▸ What to do
Copy out exactly, from the entries that follow, the line holding "Etui do laptopa", the line holding "Garnier Color Naturals Hair Color", and all lines between them, but no pictures.

▸ Given data

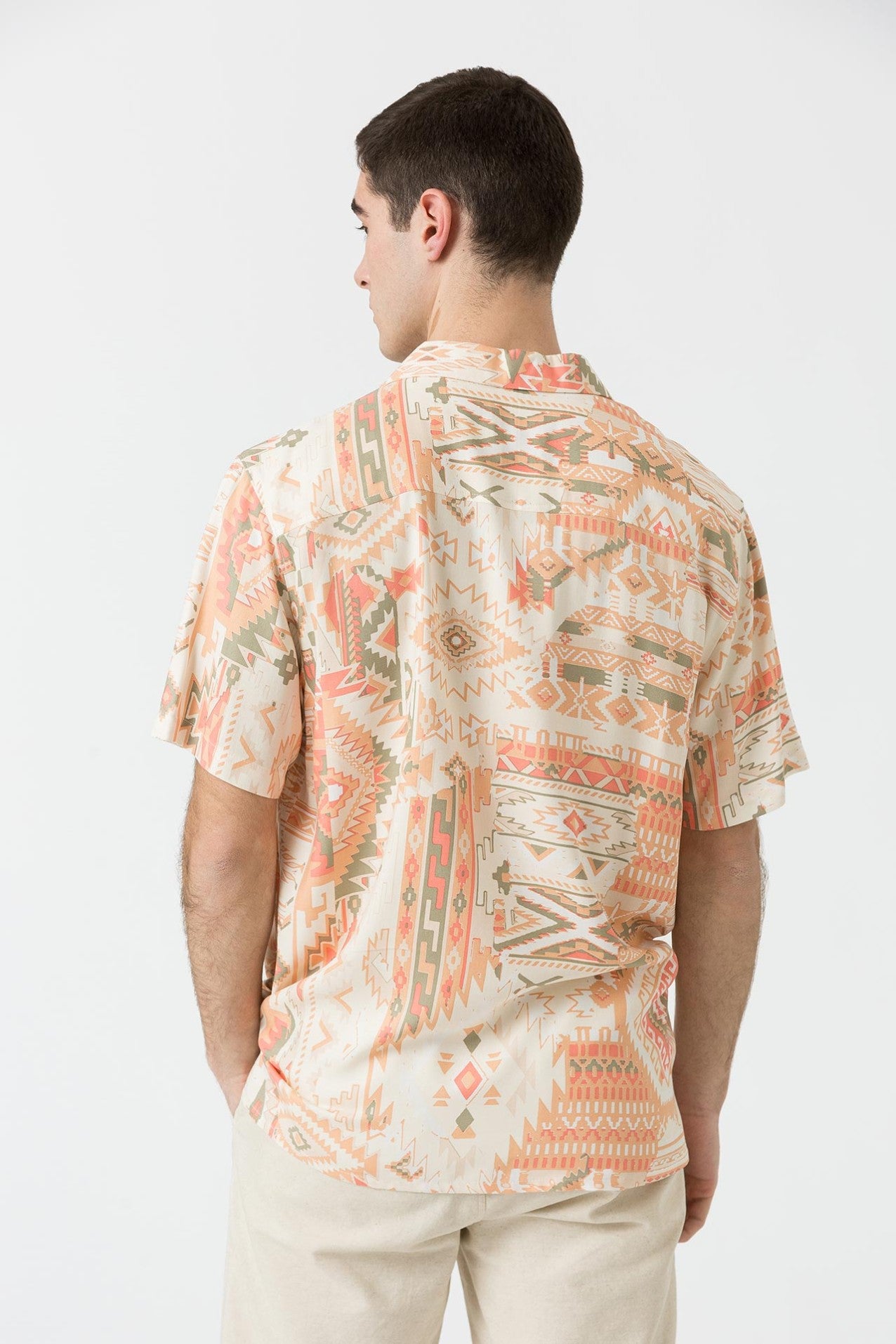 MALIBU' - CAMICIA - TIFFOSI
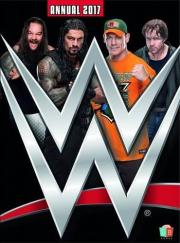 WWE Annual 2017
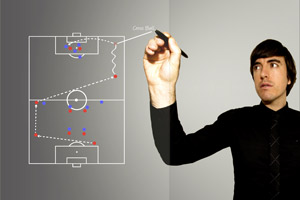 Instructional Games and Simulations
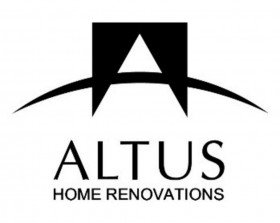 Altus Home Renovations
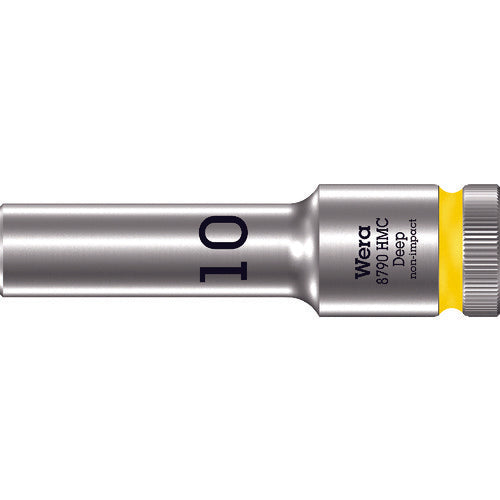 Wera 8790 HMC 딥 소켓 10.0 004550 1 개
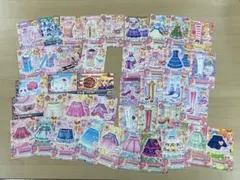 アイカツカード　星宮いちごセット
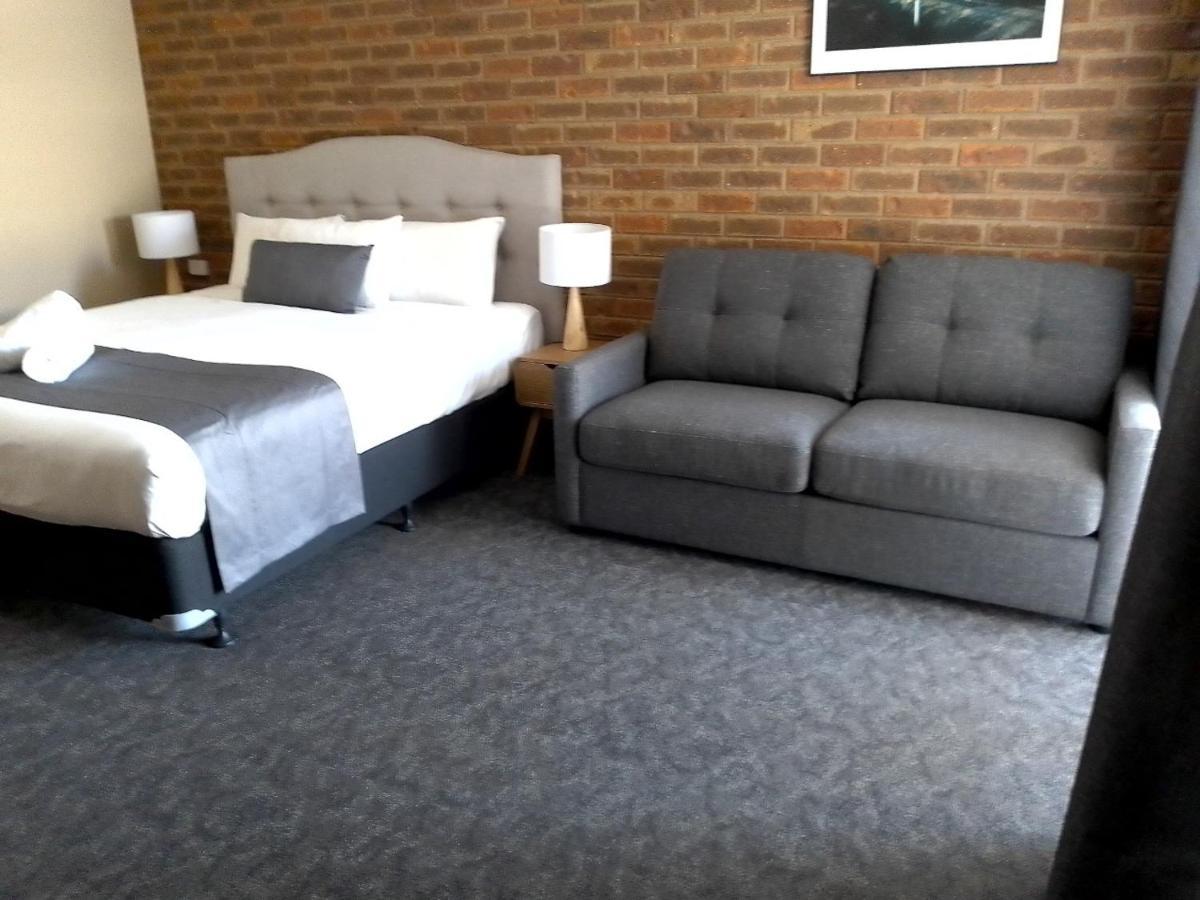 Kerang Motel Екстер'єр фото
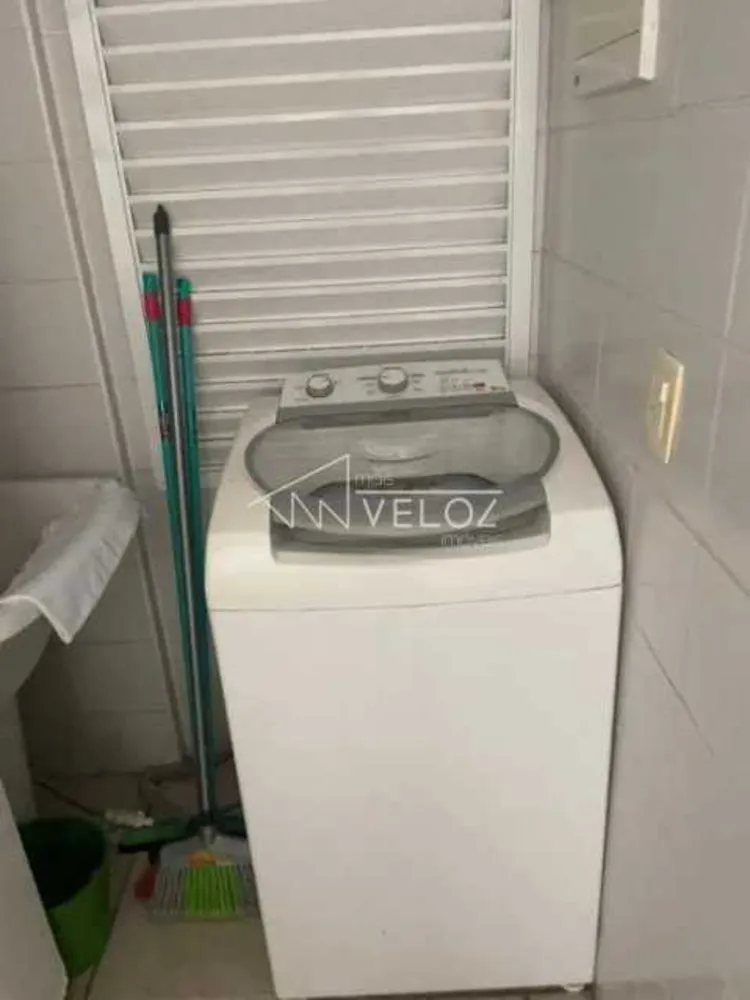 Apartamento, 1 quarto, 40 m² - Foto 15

---

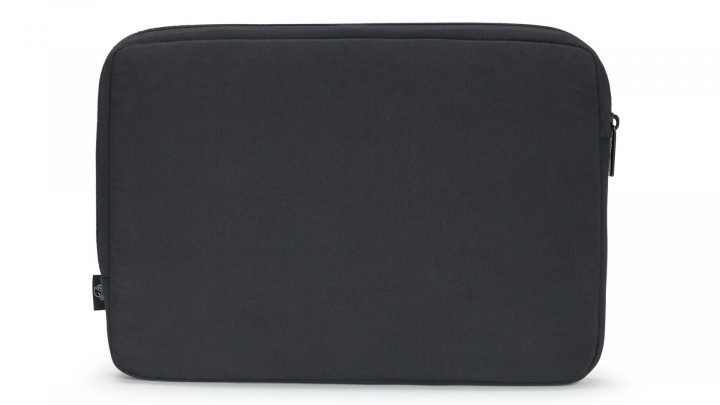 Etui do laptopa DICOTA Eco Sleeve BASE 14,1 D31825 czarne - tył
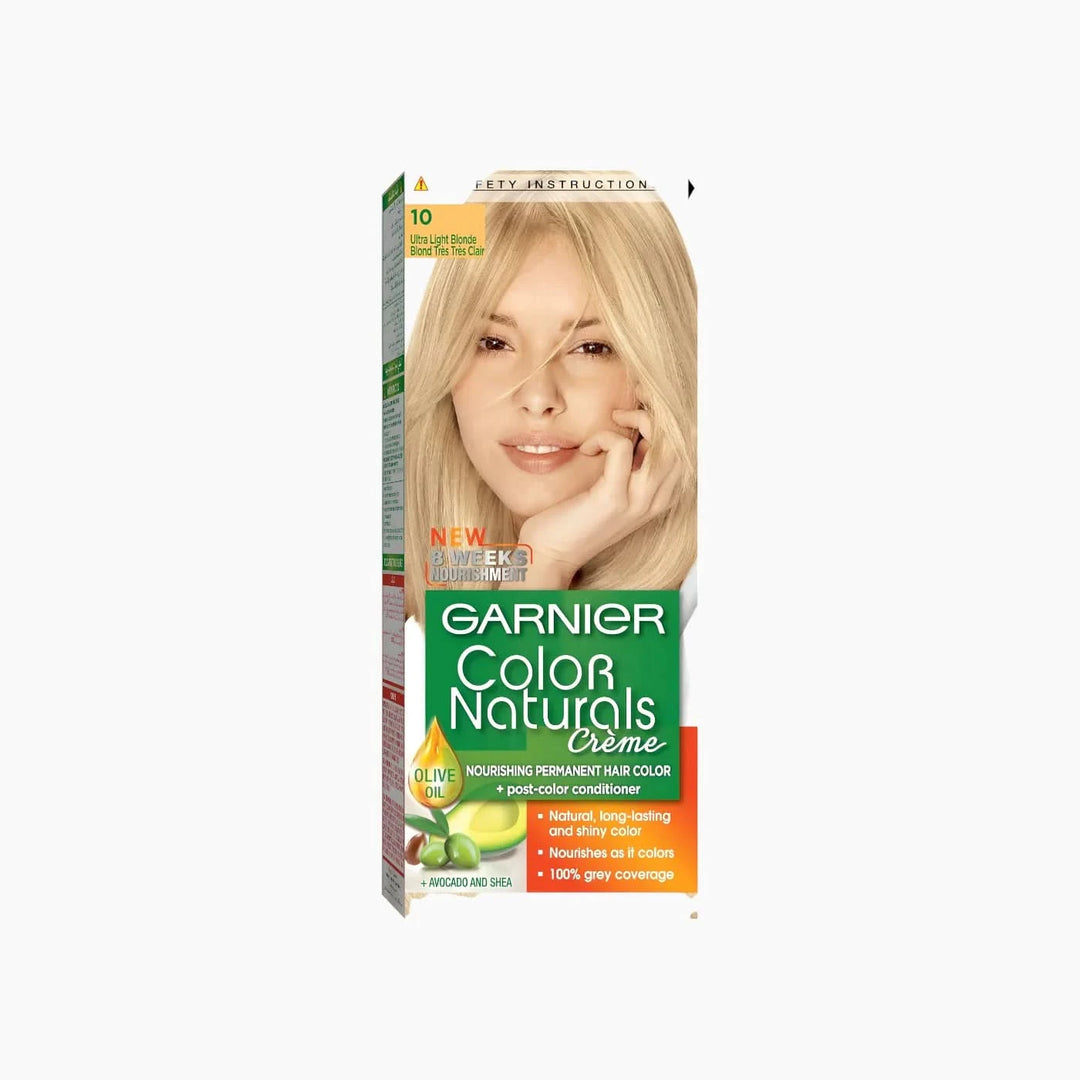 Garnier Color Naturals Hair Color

--

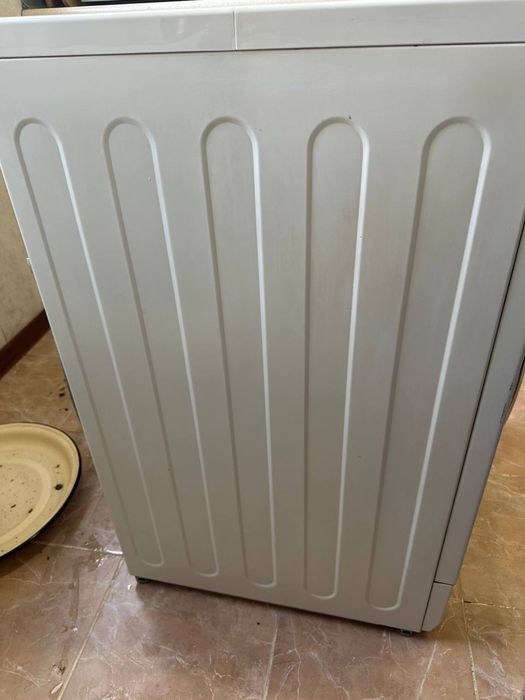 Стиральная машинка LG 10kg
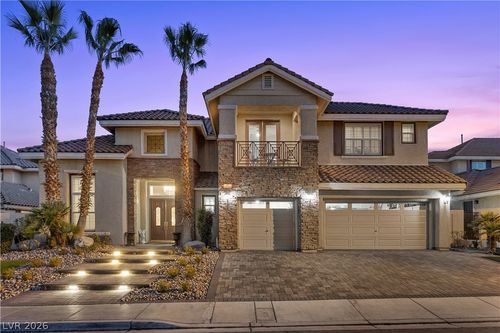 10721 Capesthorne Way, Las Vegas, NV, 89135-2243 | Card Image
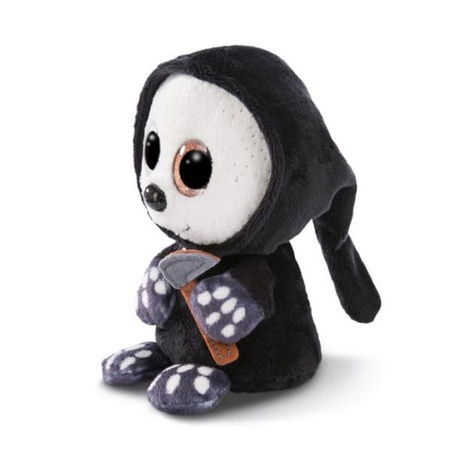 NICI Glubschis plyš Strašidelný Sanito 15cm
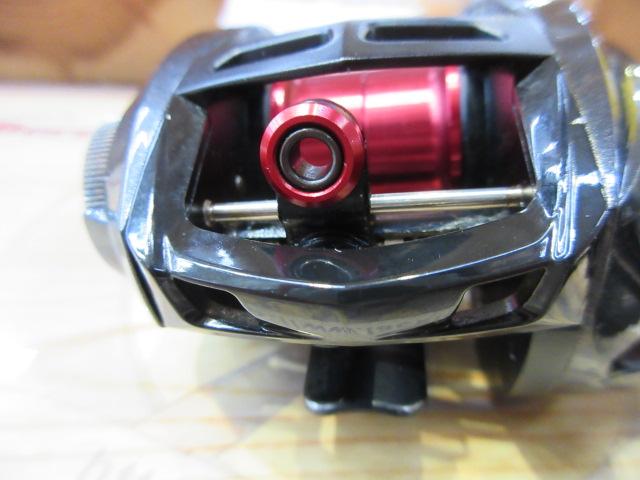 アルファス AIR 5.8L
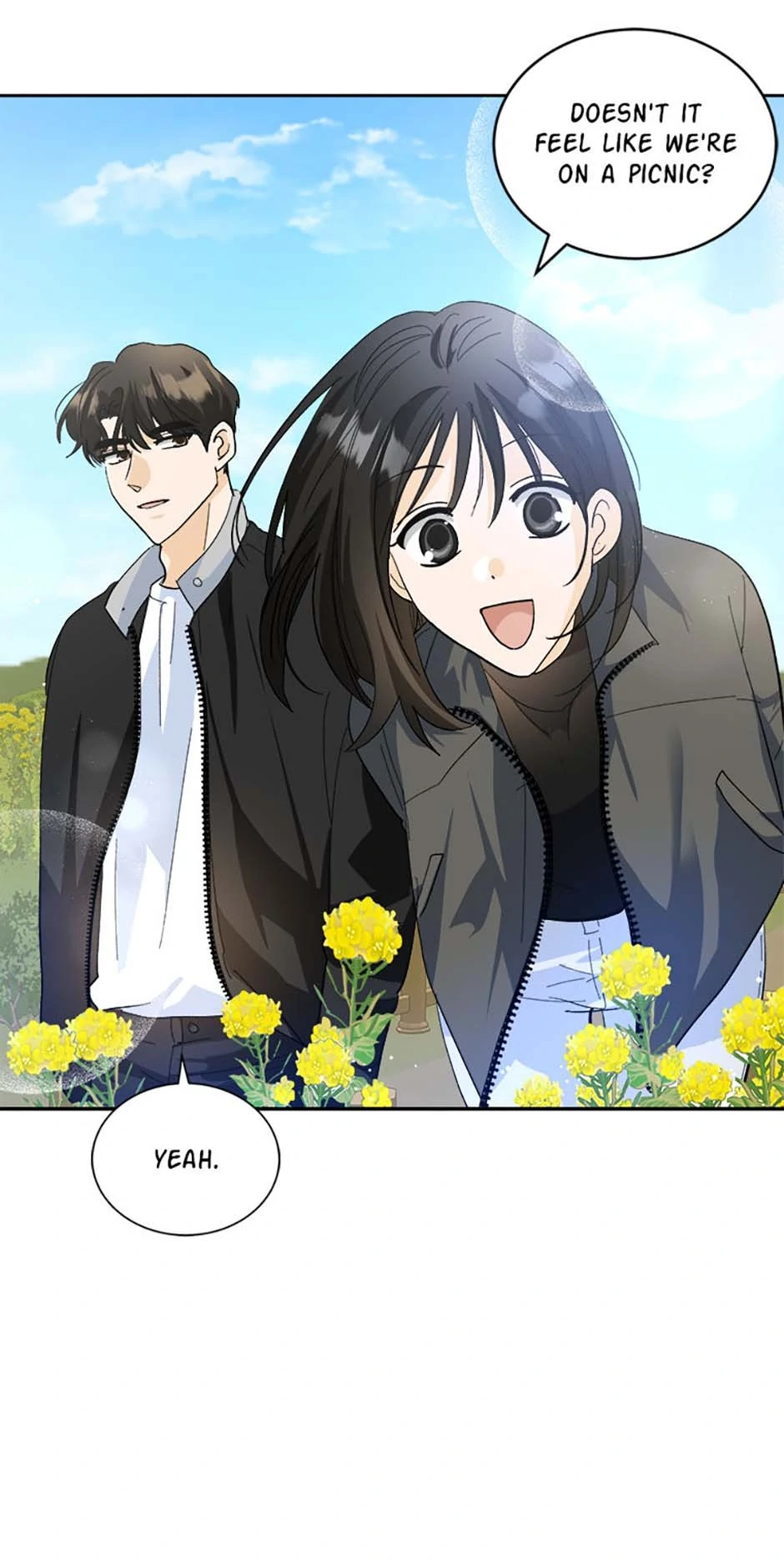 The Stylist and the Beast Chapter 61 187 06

▸ Response below
 Etui do laptopa DICOTA Eco Sleeve BASE 14,1 D31825 czarne - tył
 Garnier Color Naturals Hair Color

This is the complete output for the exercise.